▸ **Task to complete**
Only one stretch of the listing below is wanted. Give it again exactly, from the line with "a bathroom with a sink" through the line with "Dark rum bottle".

▸ **Study material**
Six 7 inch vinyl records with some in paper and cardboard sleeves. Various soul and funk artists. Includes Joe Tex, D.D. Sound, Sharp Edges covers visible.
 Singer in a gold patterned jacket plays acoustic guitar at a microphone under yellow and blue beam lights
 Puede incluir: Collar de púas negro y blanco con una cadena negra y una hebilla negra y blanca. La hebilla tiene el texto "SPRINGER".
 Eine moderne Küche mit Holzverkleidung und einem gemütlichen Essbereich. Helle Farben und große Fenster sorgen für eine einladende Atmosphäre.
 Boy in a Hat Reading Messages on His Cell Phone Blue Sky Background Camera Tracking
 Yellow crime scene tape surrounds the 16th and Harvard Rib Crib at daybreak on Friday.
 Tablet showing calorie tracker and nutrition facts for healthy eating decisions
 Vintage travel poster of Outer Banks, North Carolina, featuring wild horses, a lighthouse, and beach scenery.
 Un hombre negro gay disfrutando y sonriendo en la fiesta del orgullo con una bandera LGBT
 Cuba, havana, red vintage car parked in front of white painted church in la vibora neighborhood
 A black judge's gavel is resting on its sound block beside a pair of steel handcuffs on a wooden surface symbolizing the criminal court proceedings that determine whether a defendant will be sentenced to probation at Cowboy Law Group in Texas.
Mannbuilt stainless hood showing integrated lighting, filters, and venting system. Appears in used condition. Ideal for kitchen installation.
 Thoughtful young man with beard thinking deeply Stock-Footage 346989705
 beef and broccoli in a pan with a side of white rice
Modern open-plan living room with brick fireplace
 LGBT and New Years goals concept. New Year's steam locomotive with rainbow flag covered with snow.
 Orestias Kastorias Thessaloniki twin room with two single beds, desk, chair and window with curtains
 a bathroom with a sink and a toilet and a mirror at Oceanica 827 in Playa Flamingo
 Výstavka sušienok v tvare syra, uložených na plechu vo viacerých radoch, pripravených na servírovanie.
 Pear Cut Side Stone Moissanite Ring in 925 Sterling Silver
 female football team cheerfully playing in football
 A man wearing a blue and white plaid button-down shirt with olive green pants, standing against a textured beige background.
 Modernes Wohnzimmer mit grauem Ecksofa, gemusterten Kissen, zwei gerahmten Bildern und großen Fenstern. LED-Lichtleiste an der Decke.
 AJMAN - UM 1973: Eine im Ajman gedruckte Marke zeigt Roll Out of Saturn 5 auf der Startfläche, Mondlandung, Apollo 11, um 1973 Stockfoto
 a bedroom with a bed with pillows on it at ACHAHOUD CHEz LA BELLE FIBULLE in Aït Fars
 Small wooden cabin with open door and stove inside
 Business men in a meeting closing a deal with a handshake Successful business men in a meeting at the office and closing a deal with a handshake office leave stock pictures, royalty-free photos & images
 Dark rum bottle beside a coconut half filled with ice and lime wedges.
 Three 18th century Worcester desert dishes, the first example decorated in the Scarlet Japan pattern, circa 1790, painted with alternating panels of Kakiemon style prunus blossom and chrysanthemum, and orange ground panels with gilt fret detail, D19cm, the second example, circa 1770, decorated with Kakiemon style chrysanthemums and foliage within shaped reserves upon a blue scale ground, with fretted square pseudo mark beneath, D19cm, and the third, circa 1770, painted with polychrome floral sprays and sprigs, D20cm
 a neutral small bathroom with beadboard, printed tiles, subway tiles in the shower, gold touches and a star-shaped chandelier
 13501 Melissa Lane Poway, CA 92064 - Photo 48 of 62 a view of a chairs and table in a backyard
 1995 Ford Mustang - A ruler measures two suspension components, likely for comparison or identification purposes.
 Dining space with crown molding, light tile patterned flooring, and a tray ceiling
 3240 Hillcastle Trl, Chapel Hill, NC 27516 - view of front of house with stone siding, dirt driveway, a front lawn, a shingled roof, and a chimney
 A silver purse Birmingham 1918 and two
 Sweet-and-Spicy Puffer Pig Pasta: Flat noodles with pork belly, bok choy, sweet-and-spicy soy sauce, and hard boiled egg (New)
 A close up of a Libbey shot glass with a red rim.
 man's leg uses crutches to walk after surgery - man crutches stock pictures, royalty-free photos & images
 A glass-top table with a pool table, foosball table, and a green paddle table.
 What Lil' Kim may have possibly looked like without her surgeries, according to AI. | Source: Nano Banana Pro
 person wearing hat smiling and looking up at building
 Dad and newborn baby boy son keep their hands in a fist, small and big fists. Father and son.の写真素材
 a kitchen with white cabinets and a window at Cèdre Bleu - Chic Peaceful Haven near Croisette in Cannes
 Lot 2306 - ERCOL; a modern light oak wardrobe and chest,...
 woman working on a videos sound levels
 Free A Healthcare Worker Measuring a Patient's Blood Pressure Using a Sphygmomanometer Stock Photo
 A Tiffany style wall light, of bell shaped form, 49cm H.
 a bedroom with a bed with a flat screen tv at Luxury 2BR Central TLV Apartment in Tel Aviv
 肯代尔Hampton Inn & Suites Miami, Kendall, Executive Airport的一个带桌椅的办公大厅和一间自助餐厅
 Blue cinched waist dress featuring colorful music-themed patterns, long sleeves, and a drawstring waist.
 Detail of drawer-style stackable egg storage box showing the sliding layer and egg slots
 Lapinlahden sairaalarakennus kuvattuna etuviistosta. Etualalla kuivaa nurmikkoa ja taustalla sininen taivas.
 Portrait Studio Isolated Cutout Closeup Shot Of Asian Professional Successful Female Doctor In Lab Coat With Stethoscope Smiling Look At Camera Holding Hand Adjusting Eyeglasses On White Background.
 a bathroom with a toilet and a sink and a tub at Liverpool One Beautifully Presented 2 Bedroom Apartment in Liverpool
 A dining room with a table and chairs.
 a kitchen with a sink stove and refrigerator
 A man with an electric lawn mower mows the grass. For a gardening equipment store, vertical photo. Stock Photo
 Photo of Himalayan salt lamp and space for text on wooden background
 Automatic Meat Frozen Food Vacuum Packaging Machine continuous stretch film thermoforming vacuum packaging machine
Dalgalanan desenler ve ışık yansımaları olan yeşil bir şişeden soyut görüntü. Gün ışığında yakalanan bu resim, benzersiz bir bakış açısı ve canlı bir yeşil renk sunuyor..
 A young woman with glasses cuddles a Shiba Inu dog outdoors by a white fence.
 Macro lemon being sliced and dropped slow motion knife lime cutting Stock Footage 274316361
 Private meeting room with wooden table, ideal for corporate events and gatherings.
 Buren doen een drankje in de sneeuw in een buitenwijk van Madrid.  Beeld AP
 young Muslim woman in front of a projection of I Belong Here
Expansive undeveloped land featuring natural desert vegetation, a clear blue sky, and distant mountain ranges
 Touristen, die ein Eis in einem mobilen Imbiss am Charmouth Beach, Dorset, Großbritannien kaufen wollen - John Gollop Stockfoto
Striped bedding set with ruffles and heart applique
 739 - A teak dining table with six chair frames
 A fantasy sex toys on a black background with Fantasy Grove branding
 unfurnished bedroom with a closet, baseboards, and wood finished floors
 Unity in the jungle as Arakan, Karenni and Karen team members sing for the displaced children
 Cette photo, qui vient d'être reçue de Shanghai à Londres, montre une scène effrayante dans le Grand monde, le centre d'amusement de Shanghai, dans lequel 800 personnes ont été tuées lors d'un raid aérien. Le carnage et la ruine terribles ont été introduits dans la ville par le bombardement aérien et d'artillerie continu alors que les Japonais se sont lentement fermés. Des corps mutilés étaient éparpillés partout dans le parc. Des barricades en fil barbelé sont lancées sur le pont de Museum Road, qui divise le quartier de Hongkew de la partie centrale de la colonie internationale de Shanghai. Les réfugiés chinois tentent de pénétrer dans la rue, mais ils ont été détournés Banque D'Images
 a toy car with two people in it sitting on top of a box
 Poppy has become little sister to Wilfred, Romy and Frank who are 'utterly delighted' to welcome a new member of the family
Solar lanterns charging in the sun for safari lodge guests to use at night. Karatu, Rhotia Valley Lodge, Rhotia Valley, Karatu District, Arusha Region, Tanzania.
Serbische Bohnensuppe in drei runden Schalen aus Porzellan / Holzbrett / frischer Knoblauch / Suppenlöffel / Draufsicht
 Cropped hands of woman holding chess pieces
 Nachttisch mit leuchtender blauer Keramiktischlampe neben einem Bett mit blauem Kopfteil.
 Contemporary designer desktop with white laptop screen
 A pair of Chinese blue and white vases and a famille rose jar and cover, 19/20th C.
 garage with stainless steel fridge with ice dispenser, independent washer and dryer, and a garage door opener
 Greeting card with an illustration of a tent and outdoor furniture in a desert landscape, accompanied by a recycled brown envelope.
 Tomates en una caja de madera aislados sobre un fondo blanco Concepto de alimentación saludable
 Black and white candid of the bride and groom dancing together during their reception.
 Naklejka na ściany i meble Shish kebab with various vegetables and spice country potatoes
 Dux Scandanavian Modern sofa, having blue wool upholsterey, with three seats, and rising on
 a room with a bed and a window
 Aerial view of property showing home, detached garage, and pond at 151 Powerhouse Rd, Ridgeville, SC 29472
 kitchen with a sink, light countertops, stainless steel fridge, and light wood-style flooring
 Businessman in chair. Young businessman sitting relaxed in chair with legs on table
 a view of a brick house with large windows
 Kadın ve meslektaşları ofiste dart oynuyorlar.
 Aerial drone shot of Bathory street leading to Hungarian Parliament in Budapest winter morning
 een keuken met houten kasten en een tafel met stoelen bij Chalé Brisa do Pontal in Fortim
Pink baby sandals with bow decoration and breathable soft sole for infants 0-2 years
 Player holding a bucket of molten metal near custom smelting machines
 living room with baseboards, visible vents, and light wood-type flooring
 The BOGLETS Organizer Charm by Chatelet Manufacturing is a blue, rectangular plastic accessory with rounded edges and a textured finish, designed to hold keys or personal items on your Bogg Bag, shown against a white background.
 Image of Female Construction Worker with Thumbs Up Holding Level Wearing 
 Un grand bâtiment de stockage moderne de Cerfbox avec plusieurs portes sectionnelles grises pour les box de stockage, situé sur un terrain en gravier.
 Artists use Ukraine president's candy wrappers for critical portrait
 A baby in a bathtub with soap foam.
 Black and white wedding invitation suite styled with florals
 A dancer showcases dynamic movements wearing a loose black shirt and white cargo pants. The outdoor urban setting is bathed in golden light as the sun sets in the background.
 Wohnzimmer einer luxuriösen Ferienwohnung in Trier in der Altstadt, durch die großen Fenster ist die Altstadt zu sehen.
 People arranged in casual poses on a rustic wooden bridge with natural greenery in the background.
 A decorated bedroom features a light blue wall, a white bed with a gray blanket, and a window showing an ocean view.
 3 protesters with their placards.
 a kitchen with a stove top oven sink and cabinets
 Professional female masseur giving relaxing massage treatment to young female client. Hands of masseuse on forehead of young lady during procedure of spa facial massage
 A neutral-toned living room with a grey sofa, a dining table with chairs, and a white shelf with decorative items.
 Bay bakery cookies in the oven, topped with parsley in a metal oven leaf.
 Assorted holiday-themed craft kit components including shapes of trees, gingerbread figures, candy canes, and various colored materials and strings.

▸ **Reply to the task**
 a bathroom with a sink and a toilet and a mirror at Oceanica 827 in Playa Flamingo
 Výstavka sušienok v tvare syra, uložených na plechu vo viacerých radoch, pripravených na servírovanie.
 Pear Cut Side Stone Moissanite Ring in 925 Sterling Silver
 female football team cheerfully playing in football
 A man wearing a blue and white plaid button-down shirt with olive green pants, standing against a textured beige background.
 Modernes Wohnzimmer mit grauem Ecksofa, gemusterten Kissen, zwei gerahmten Bildern und großen Fenstern. LED-Lichtleiste an der Decke.
 AJMAN - UM 1973: Eine im Ajman gedruckte Marke zeigt Roll Out of Saturn 5 auf der Startfläche, Mondlandung, Apollo 11, um 1973 Stockfoto
 a bedroom with a bed with pillows on it at ACHAHOUD CHEz LA BELLE FIBULLE in Aït Fars
 Small wooden cabin with open door and stove inside
 Business men in a meeting closing a deal with a handshake Successful business men in a meeting at the office and closing a deal with a handshake office leave stock pictures, royalty-free photos & images
 Dark rum bottle beside a coconut half filled with ice and lime wedges.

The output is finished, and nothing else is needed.